Experimental study of the effect of filled bed type on the performance of a cross-flow cooling tower with the approach of using nanofluids

Abstract

This study aimed to experimentally investigate the effects of filled beds on the performance of a cross-flow cooling tower (CFCT) with the approach of using nanofluids. Multi-walled carbon nanotubes (MWCNTs) and titanium dioxide (TiO2) nanofluids and 6 kinds of filled beds in two classes of splashes and films were used. To select the best bed using TiO2/water and MWCNTs/water nanofluids with a concentration of 0.05 wt%, the effect of these beds on the thermal performance of CFCT was evaluated, and the results were compared with each other and with pure water.
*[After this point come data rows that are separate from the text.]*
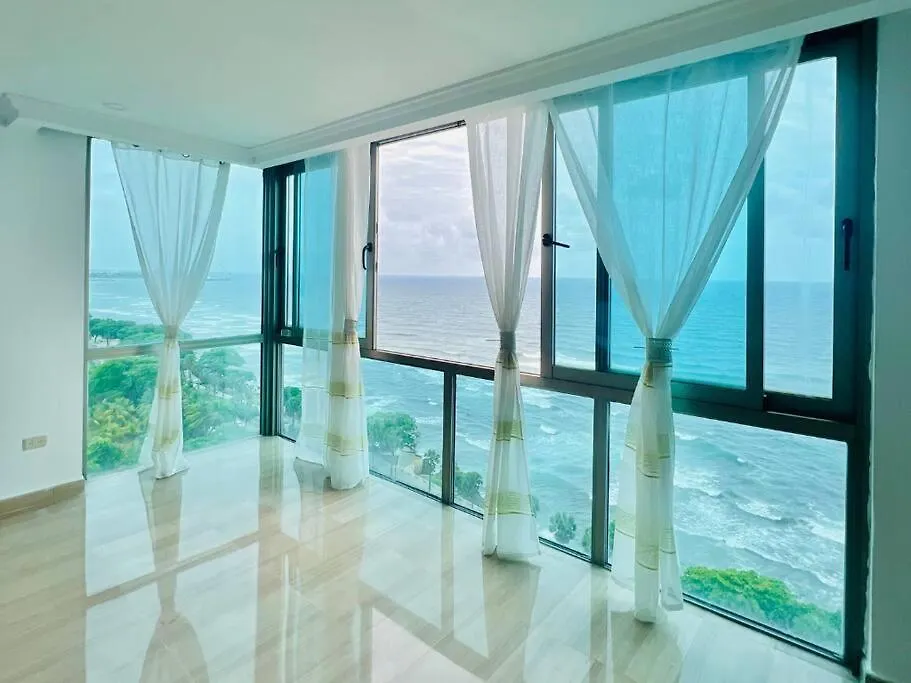 Beach Front Penthouse In Exclusive Tower 聖多明哥 0*,  多米尼加共和国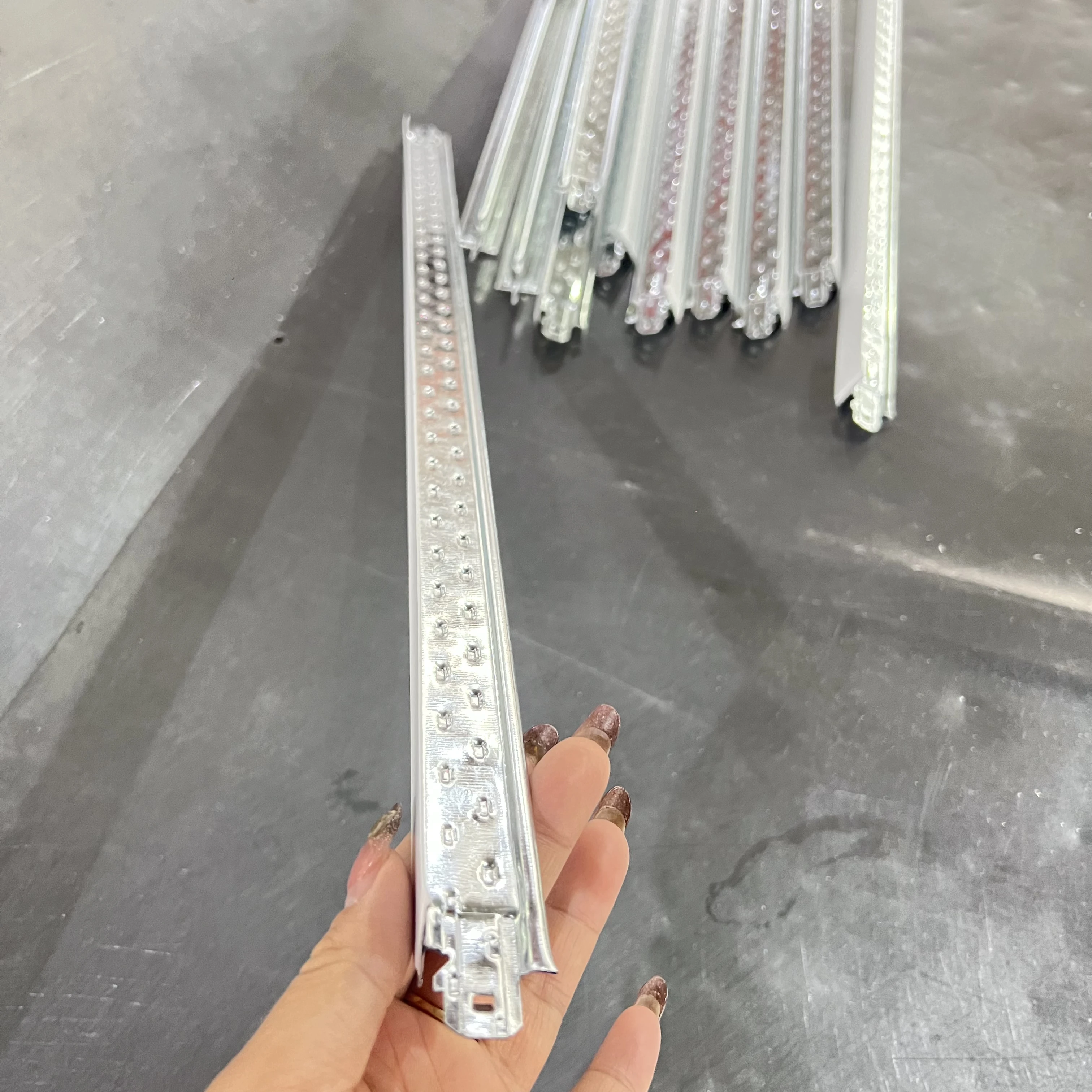 Modern Hotel  WBM Steel Suspended Ceiling Grid ceiling T grid components t bar ceiling frames T24 T32 T38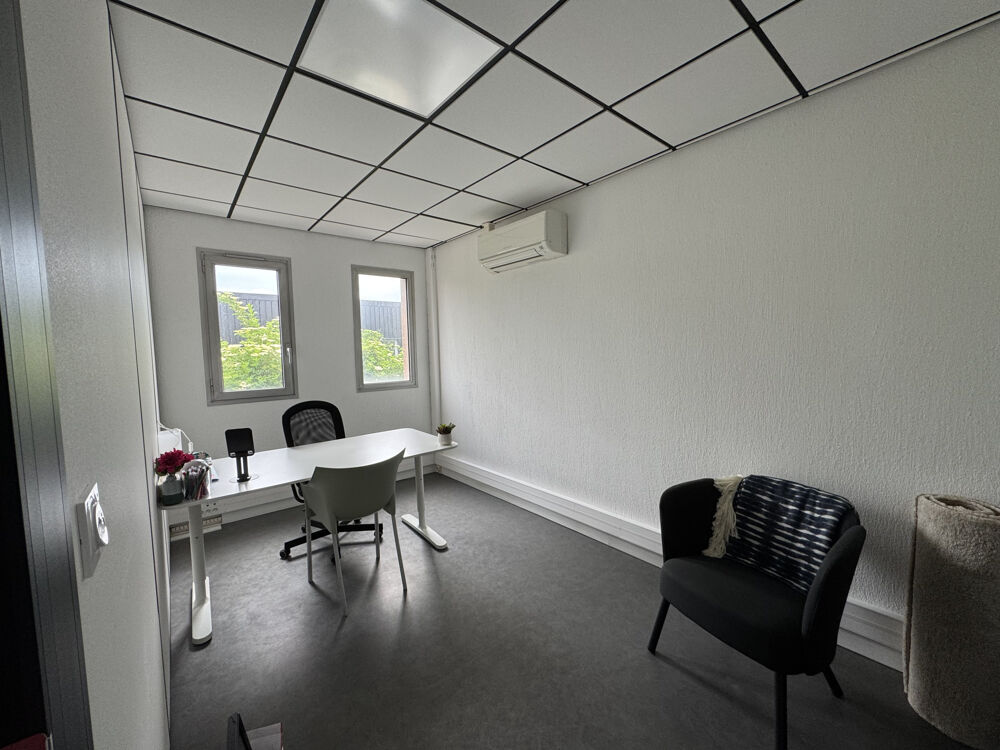   plateaux de bureaux de 130m2 à Clermont-Ferrand LE BREZET Clermont ferrand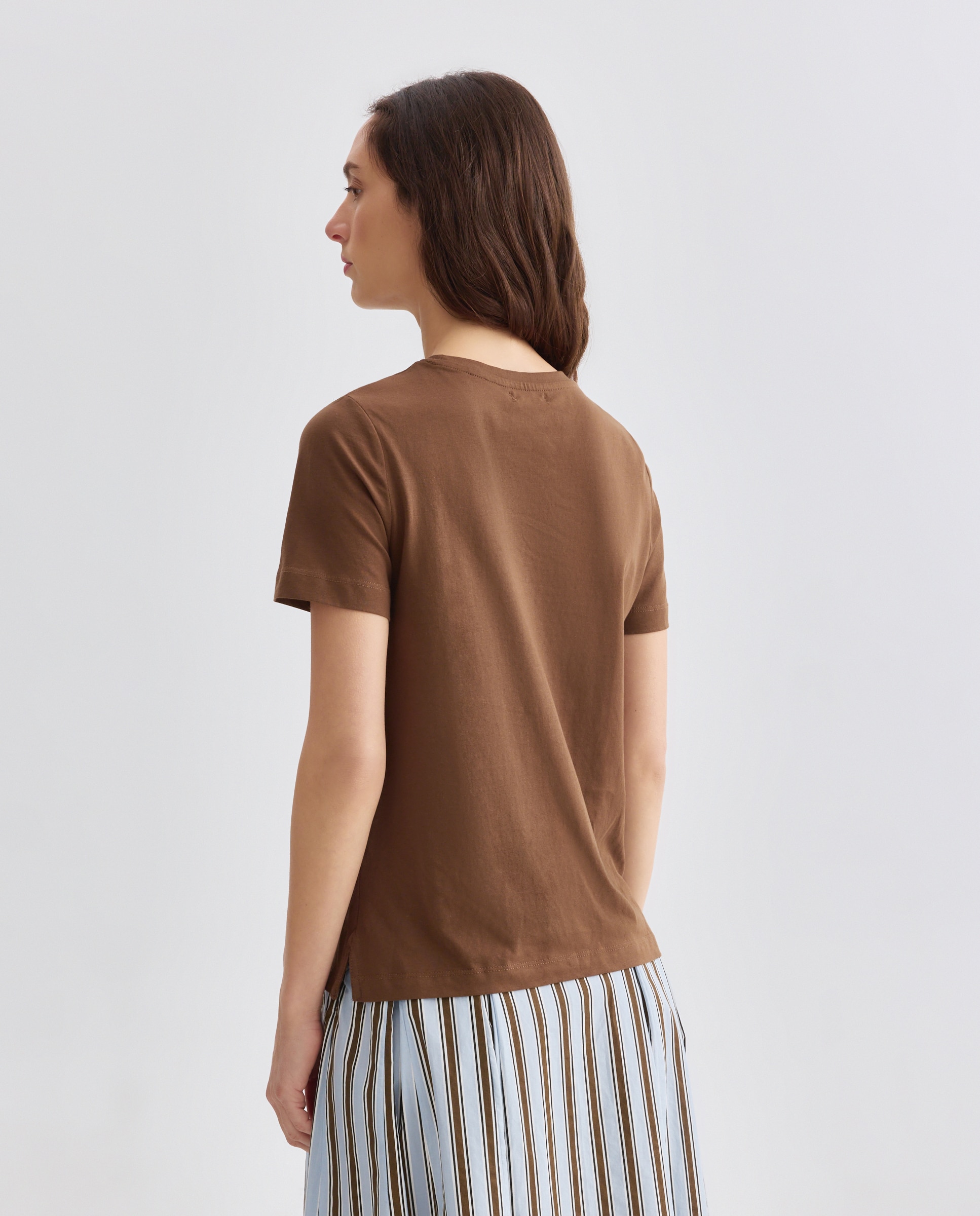 Camiseta básica de mujer cuello caja 291 Berenjena-3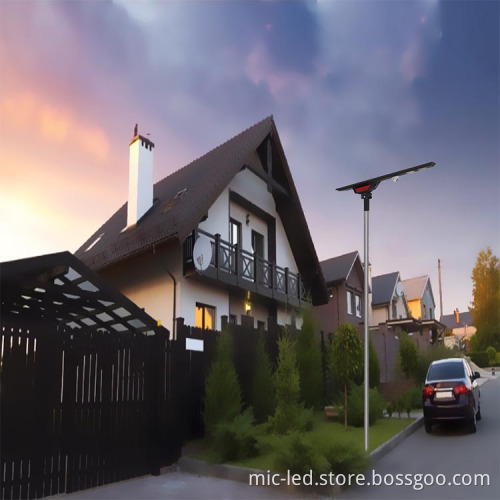80W Solar-Powered LED Street Light with IP65 Waterproof Design, 1080p CCTV Camera (WiFi/4G)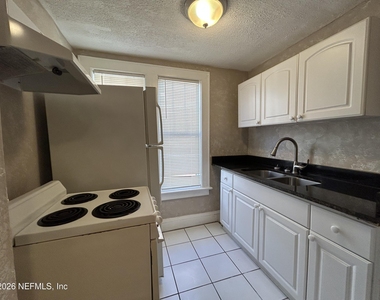 2623 College Street - Photo Thumbnail 5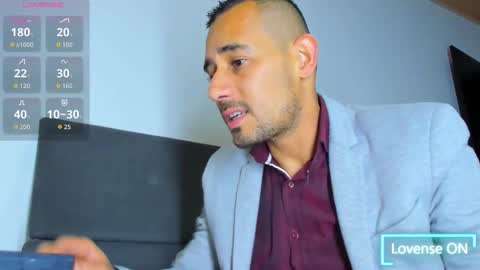 Snapshot of jhonyalzate chatting on 11-30-25, 01:53 Jhony Alzate online show from 11-30-25, 01:53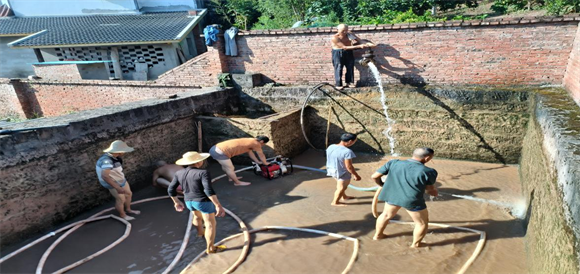 活龙社区居民一同清理水池。活龙社区供图 华龙网发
The effects of nanofluid type and flow ratio (L/G) on CFCT performance factors, including cooling range, effectiveness, Merkel number, and evaporation rate, were investigated. The nanofluids were prepared by the two-step method and gum arabic was used as a surfactant to improve their stability. The results showed that, using nanofluids instead of water as the operating fluid generally improves the thermal performance of CFCT. It was found that the appropriate bed for water and nanofluid was bed 5 and bed 3, respectively. As well as, the use of a suitable filled bed at low flow ratio had a much greater effect on improving the performance of the tower. For example, at the same concentration of MWCNTs/water nanofluid using bed 3, the increase in tower effectiveness compared to pure water was about 28% at L/G=0.4, while it was only 7% at L/G=2. In addition, the parameters of cooling range, effectiveness, and Merkel number were increased by 28%, 85%, and 131%, respectively, when bed 3 was used compared to the bedless condition, indicating the importance of a suitable bed when using nanofluids.